When building an object identifier sync pipeline, there are a bunch of other tasks that you may need to do that Glass Onion does not provide support for: deduplication, false positive detection, etc. A example workflow can be found in the integration guide. Our Getting Started page provides a simpler example that allows you to get up and running with Glass Onion quickly.
Please note: this package simply combines common synchronization techniques to get the closest match for two objects from different data providers. The accuracy of these matches is not necessarily guaranteed. Please review matches for accuracy (either as part of your pipeline or manually).
Installation
The source code is hosted on GitHub at: https://github.com/USSoccerFederation/glass_onion.

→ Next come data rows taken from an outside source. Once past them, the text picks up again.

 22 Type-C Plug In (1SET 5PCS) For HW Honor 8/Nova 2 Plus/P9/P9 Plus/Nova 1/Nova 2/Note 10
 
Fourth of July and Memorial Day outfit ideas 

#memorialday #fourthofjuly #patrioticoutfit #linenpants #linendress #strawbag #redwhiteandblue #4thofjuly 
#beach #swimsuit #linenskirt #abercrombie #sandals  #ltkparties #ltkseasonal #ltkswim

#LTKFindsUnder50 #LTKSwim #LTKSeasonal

The easiest way to install Glass Onion is via uv or pip:
You can also install the package from GitHub for the latest updates:
uv pip install "git+https://github.com/USSoccerFederation/glass_onion"

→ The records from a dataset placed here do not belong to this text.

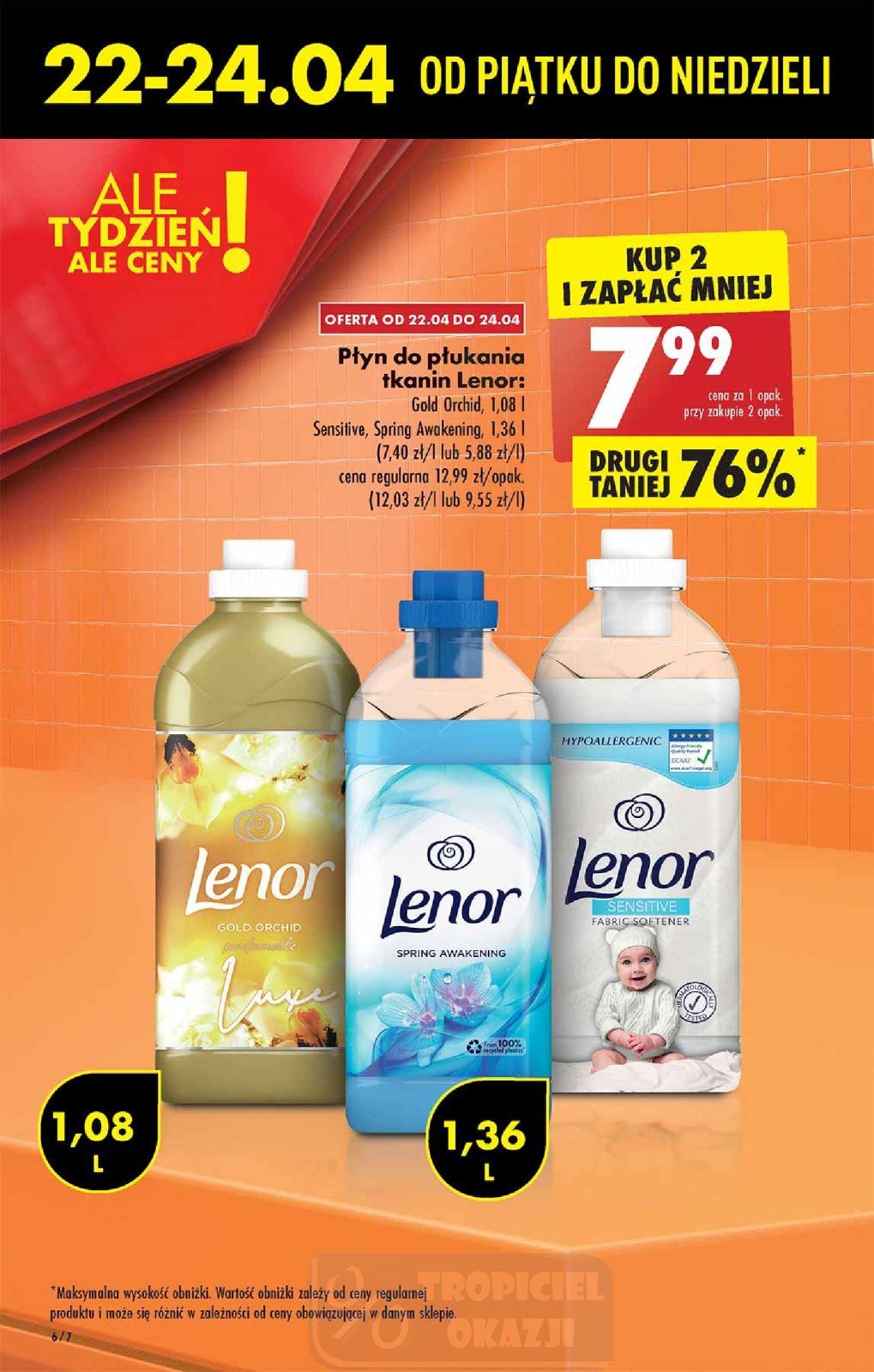 Gazetka promocyjna Biedronka str. 6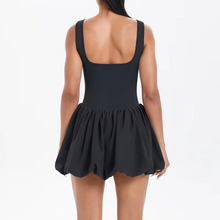 Load image into Gallery viewer, Womens Sleeveless Active Tennis and Running Dress with Built-In Skirt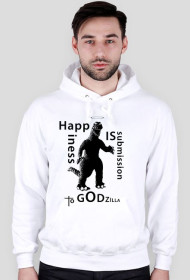 Blouse Godzilla for male (v1 white)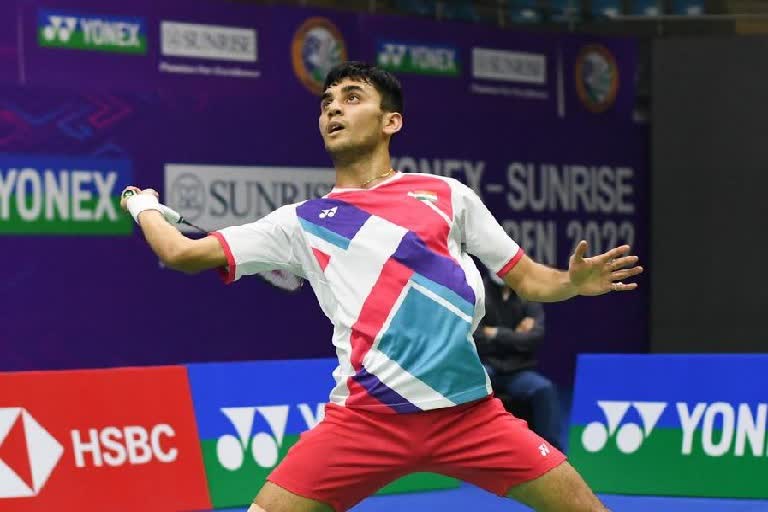 Badminton Player Lakshya Sen in German Open Super 300 Final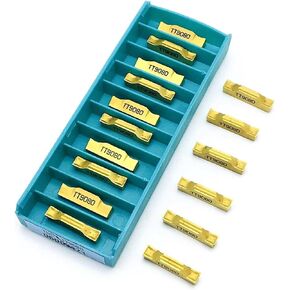 Carbide Tool Turning Tool TDC2 TDC3 TDC4 TT9080 TT9030 Carbide Blade 2mm 3mm 4mm Slitting Grooving Blade Lathe Parts Turning Tool (Angle : TDC2 TT9080, Shank Diameter : 10PCS(1box)) in Saudi Arabia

pip install git+https://github.com/USSoccerFederation/glass_onion.git
For more details, refer to the installation guide.
Background
The idea for this package and its public release started with this 2022 blog post by @UnravelSports. Identifier synchronization is one of the most common problems that soccer analytics groups run into, mostly because it seems unique to soccer (at least, across the major sports): in other (read: American) sports, the organizing body (NFL, MLB, NBA, etc) uniquely identifies players and forces (or at least seems to) data providers to use those identifiers in their datasets. Every club that has multiple data subscriptions has to build their own solution to this problem (or manually synchronize players via spreadsheet) that fits into their ETL system, but few are publicly discussed and open-source (the main exception being that of Parma Calcio in Italy: https://github.com/parmacalcio1913/players-matcher).
Our hope is this package will help new data analysts and analytics groups get up to speed more quickly and deliver more robust reports that integrate all of their data sources.
Methodology
Please see the docs.
Contributing
All contributions, bug reports, bug fixes, documentation improvements, enhancements, and ideas are welcome. More information can be found in the contributing guide.
License
Glass Onion is distributed under the terms of the BSD 3 license.
Why the name Glass Onion?
Syncing identifiers is often fragile because of the human error involved in recording object names and metadata. It also often takes multiple approaches layers to synchronize objects. So: glass onion.